[TASK BRIEF]: Below are the records. Restate word for word every line from the one that contains "Yüzme havuzunda gülümseyen" through the final line, both included.

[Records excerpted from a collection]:
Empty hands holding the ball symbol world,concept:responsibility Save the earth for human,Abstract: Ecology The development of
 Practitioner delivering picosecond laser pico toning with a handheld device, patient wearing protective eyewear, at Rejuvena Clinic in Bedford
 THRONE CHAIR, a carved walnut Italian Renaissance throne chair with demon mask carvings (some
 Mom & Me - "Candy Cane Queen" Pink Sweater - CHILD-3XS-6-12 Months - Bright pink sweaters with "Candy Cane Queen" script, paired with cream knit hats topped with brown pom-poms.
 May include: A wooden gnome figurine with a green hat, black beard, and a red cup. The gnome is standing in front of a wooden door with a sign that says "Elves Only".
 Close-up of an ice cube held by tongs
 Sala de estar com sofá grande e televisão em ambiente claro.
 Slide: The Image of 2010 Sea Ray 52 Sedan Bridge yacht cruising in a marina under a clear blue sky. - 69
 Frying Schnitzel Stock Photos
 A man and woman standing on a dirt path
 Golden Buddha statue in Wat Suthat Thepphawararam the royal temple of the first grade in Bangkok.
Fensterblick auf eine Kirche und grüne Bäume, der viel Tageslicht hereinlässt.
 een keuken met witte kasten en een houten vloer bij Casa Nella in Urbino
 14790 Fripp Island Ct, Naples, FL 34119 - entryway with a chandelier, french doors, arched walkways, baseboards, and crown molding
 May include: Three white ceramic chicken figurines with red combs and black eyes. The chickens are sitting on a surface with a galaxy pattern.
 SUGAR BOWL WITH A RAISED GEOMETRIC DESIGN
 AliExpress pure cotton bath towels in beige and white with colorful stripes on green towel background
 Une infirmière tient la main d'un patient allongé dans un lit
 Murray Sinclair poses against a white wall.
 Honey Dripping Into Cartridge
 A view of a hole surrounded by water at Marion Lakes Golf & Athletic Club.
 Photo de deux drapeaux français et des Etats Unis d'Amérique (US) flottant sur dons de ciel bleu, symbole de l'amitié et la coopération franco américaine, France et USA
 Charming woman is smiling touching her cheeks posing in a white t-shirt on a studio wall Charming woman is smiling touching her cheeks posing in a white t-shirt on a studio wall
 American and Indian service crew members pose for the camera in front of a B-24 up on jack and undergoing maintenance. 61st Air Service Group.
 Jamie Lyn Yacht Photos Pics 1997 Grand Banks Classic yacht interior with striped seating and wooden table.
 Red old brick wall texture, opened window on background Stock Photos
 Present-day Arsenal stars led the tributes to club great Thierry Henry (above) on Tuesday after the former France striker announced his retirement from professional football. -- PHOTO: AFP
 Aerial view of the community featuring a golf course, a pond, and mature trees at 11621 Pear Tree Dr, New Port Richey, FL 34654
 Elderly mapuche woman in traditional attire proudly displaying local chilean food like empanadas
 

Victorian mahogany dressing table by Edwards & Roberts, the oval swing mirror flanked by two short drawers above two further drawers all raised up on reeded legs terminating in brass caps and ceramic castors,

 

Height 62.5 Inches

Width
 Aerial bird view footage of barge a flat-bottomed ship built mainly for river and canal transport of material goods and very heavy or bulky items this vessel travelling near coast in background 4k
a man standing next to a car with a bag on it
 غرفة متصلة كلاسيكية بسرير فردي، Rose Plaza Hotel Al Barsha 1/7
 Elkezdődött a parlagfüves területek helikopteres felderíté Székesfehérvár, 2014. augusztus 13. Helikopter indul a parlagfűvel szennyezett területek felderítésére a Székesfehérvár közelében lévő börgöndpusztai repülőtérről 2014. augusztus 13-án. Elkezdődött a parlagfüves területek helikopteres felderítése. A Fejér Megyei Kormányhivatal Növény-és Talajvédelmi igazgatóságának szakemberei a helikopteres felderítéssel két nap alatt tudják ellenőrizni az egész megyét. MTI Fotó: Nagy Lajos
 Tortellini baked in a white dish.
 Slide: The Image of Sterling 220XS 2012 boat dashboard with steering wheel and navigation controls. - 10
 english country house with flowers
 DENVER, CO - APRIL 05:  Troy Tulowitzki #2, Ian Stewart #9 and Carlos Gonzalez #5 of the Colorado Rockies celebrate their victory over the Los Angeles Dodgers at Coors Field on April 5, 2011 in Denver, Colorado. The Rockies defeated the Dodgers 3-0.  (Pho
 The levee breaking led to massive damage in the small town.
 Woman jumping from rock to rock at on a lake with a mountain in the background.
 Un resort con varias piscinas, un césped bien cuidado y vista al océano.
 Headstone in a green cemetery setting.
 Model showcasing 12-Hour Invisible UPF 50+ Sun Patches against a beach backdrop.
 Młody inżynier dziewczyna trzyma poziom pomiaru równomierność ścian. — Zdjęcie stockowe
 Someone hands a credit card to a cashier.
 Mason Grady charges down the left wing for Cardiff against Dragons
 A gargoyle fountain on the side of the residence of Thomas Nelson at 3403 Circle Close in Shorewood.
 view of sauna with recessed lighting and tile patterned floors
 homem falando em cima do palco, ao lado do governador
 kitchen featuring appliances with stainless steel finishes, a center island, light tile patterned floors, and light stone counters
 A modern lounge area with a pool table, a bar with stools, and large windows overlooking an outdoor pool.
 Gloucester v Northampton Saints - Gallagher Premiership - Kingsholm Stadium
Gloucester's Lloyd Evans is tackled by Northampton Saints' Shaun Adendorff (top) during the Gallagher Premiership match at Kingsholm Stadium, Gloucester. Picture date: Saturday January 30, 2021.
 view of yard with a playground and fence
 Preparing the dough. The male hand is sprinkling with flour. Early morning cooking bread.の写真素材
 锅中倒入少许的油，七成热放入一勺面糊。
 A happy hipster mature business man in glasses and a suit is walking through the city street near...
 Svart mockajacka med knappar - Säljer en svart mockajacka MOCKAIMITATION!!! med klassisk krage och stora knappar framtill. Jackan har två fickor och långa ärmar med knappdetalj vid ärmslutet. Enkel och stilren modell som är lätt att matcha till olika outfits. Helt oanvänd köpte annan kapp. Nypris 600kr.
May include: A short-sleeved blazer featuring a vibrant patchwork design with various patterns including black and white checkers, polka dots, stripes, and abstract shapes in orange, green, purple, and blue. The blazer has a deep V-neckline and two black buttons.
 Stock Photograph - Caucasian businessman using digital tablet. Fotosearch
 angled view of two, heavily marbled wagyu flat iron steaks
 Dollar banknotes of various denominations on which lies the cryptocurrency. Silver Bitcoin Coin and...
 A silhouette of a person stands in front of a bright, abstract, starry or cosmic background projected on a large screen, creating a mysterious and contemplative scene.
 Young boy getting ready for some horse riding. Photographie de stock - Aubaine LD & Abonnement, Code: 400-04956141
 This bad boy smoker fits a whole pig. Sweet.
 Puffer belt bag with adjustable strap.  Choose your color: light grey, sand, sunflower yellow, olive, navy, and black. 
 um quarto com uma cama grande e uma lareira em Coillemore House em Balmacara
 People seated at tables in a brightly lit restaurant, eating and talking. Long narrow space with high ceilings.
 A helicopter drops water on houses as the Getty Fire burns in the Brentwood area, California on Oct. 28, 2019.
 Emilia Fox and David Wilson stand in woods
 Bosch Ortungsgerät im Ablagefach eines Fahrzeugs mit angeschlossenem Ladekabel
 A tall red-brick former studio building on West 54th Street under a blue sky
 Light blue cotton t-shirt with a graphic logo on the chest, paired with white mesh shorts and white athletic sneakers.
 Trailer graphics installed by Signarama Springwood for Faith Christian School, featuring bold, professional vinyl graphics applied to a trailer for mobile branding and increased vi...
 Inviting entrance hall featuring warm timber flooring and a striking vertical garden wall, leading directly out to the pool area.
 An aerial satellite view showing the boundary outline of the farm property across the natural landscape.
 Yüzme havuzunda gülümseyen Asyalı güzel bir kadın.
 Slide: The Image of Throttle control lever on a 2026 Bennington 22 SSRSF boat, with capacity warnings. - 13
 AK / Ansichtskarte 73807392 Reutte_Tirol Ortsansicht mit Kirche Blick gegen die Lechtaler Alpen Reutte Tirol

[ANSWER BOX]:
 Yüzme havuzunda gülümseyen Asyalı güzel bir kadın.
 Slide: The Image of Throttle control lever on a 2026 Bennington 22 SSRSF boat, with capacity warnings. - 13
 AK / Ansichtskarte 73807392 Reutte_Tirol Ortsansicht mit Kirche Blick gegen die Lechtaler Alpen Reutte Tirol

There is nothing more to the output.